Ein Geschäftsmodell, das Sicherheitsrisiken in Kauf nimmt
Millionen Bremsbeläge, im Verkauf für 50 bis 60 Prozent des regulären Preises, null Entwicklungskosten, null Marketingkosten, das alles unter einem Markennamen, der in der Branche einen Ruf hat wie Donnerhall – ein äußerst lukratives Geschäftsmodell. Juristisch allerdings auf ganz dünnen, tönernen Füßen. Und die Produktqualität?

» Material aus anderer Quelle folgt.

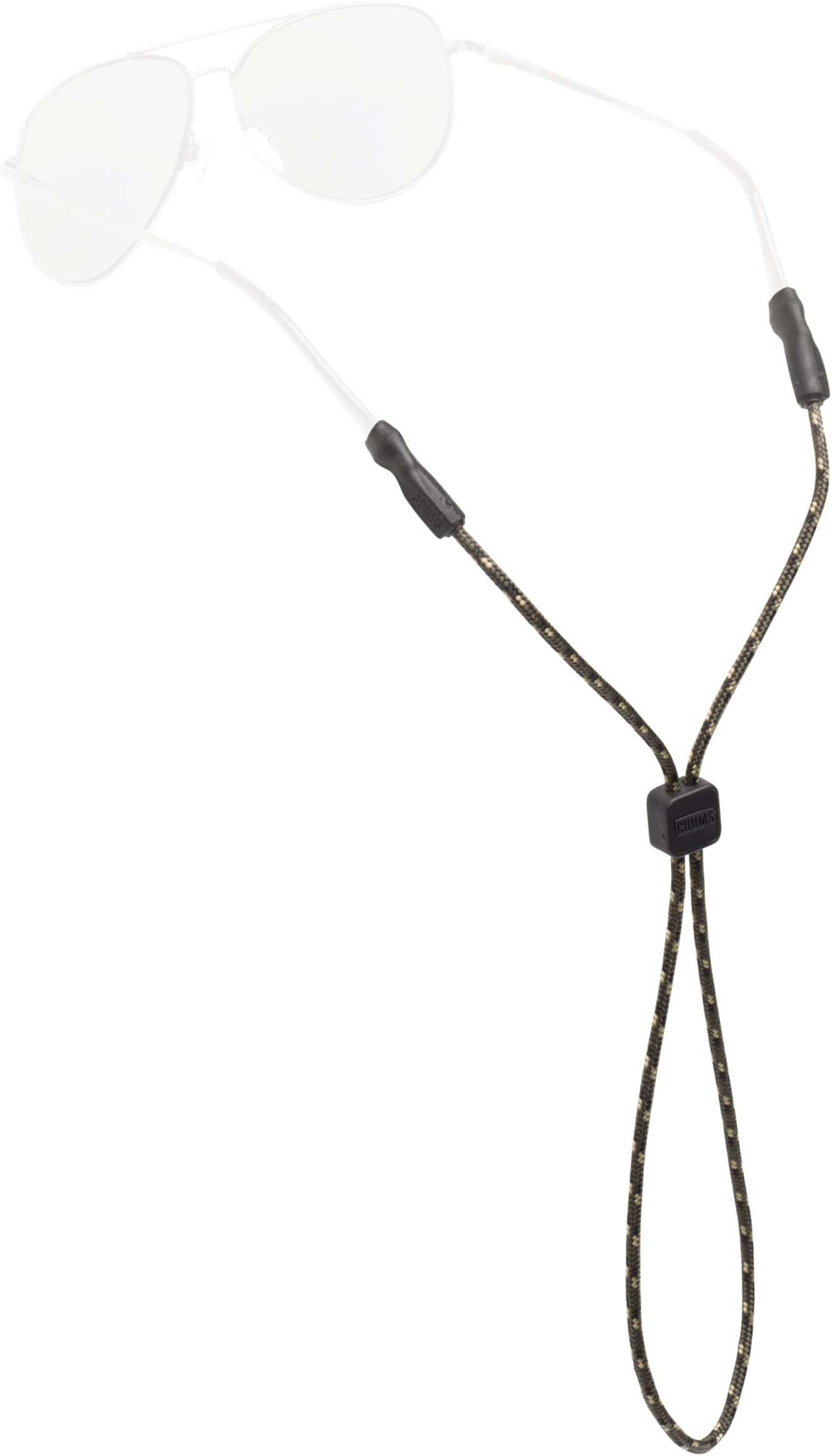 Chums 5 MM Universal Fit Retainer - Patented Tips Work with Most Eyewear - Unisex Sunglasses & Glasses Keeper - Adjustable Fit, Nylon Rope & Made in USA (5 MM, Olive/Gold/Black)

Um das prüfen zu können, musste man erst einmal an die gefälschten Bremsbeläge herankommen. Mattusch: „Um unseren Fall juristisch so wasserdicht wie möglich zu machen, wollten wir unter Beisein eines Notars eine Lieferung von gefälschten Belägen vor Ort persönlich in Empfang nehmen. Fotos der palettierten Ware konnten die von uns engagierten Ermittler machen. Doch kurz vor der Übergabe verschwanden die Teile vom Hof.“
Online war die Bestellung dagegen kein Problem. Über chinesische Strohmänner war das eine Sache von wenigen Tagen. Per Express ging die Charge nach München in die hauseigene Forschungs- und Entwicklungsabteilung. Nicht nur die Patentanwälte wollten wissen, was die angeblichen Marken-Beläge hergeben. Christian Hamann, Leiter der IP Abteilung von Knorr-Bremse: „Rein äußerlich glichen sich Original und Fälschung für unsere Augen wie ein Ei dem anderen.“ Am Ende des üblichen Testparcours war allerdings auch den Anwälten klar: technisch gesehen stammten Original und Fälschung quasi von unterschiedlichen Planeten ab. Hamann: „Wir können nicht sagen, welchen landesspezifischen Standards die Fremdprodukte entsprechen sollten. Europäischen entsprachen sie jedenfalls nicht und unseren eigenen hohen Standards sowieso nicht.“ Allein ein 14fach höherer Verschleißfaktor spricht Bände. Hamann: „Über die Qualität der Serie können wir nichts sagen. Dafür war die Charge, die wir überprüft haben, zu klein. Aber gemessen an unseren Testergebnissen ist nicht auszuschließen, dass solche Beläge in Extremsituationen einfach zerbröselt wären. Unverantwortlich.“
Ein Happyend, das nicht ganz ungetrübt ist
Mit mehr als 50 Einzelmaßnahmen ging Knorr-Bremse gegen die unlauteren Wettbewerber vor. Die wichtigsten beiden Elemente: Klagen wegen Marken- und Patentrechtsverletzung vor lokalen Gerichten. Inzwischen hat die zweite Instanz die Markenrechtsverletzung bestätigt. Alle entsprechend produzierten Produkte wurden zerstört, die Internetadressen gelöscht, die Einträge in den Handelsregistern getilgt. Die Entscheidung über die Patentverletzung steht noch aus. Trotzdem ist Hamann schon jetzt froh über das Ergebnis: „Unser größter Triumph ist, dass das oberste chinesische Gericht unseren Fall als einen von 50 Referenzfällen anerkannt hat. Diese Referenzfälle bilden die Basis für zukünftige Markenstreitverfahren in ganz China.“
Fast drei Jahre zieht sich die Sache inzwischen hin. Gelohnt, sagt Hamann, habe sich der Klageweg, daran wolle er keinerlei Zweifel lassen. Aus Copy Cats, die nicht wie hier in einer frühen Phase gestoppt werden, erwachsen oft ernstzunehmende Wettbewerber, die nicht mehr auf die Rufausbeutung bekannter Marken bzw. das Kopieren fremder Technologie angewiesen sind. Allerdings könne er jede Firma verstehen, die den enormen Aufwand scheut. Wen wundert’s, dass der Verband der Deutschen Maschinen- und Anlagenbauer (VDMA) in seiner jüngsten Studie zum Thema Produktpiraterie festgestellt hat, dass immer weniger Unternehmen sich diese Mühe machen.